GPUOS: A GPU Operating System Primitive for Transparent Operation Fusion

Modern deep learning workloads often consist of many small tensor operations, especially in inference, attention, and micro-batched training. In these settings, kernel launch overhead can become a major bottleneck, sometimes exceeding the actual computation time. We present GPUOS, a GPU runtime JIT system that reduces launch overhead using a persistent kernel architecture with runtime operator injection. GPUOS runs a single long-lived GPU kernel that continuously processes tasks from a host-managed work queue, eliminating repeated kernel launches. To support diverse operations, GPUOS uses NVIDIA NVRTC to just-in-time compile operators at runtime and inject them into the running kernel through device function pointer tables. This design enables operator updates without restarting the kernel or recompiling the system. GPUOS introduces four key ideas: (1) a persistent worker kernel with atomic task queues, (2) a runtime operator injection mechanism based on NVRTC and relocatable device code, (3) a dual-slot aliasing scheme for safe concurrent operator updates, and (4) transparent PyTorch integration through TorchDispatch that batches micro-operations into unified submissions. The system supports arbitrary tensor shapes, strides, data types, and broadcasting through a generic tensor abstraction. Experiments show that GPUOS achieves up to 15.3x speedup over standard PyTorch on workloads dominated by small operations, including micro-batched inference and attention patterns. GPUOS improves utilization while remaining compatible with the PyTorch ecosystem.
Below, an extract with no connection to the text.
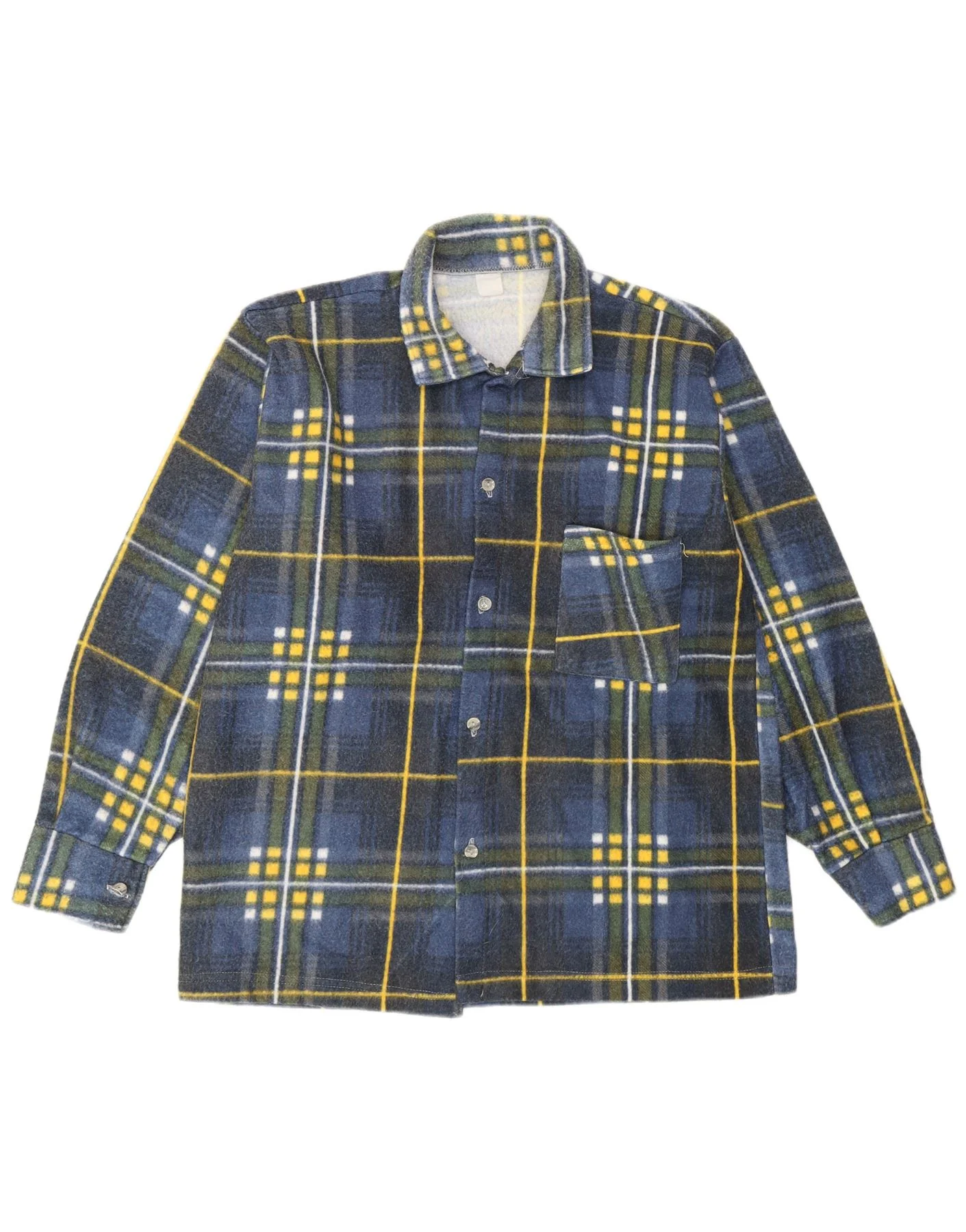 Vintage Mens Flannel Shirt Medium Blue Check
翻译：现代深度学习工作负载通常包含大量小型张量操作，尤其在推理、注意力机制和微批次训练场景中。在这些场景下，内核启动开销可能成为主要瓶颈，有时甚至超过实际计算时间。我们提出GPUOS——一种GPU运行时即时编译系统，通过采用持久化内核架构结合运行时算子注入技术来降低启动开销。GPUOS运行单个长期驻留的GPU内核，持续处理来自主机管理的工作队列中的任务，从而消除重复的内核启动。为支持多样化操作，GPUOS利用NVIDIA NVRTC在运行时对算子进行即时编译，并通过设备函数指针表将其注入运行中的内核。该设计支持在不重启内核或重新编译系统的情况下更新算子。GPUOS提出四项关键技术：（1）基于原子任务队列的持久化工作内核；（2）基于NVRTC和可重定位设备代码的运行时算子注入机制；（3）用于安全并发算子更新的双槽别名方案；（4）通过TorchDispatch将微操作合并为统一提交的透明PyTorch集成。系统通过通用张量抽象支持任意张量形状、步长、数据类型和广播操作。实验表明，在微批次推理和注意力模式等以小操作为主的工作负载上，GPUOS相比标准PyTorch可实现最高15.3倍加速。该系统在保持与PyTorch生态兼容性的同时显著提升了GPU利用率。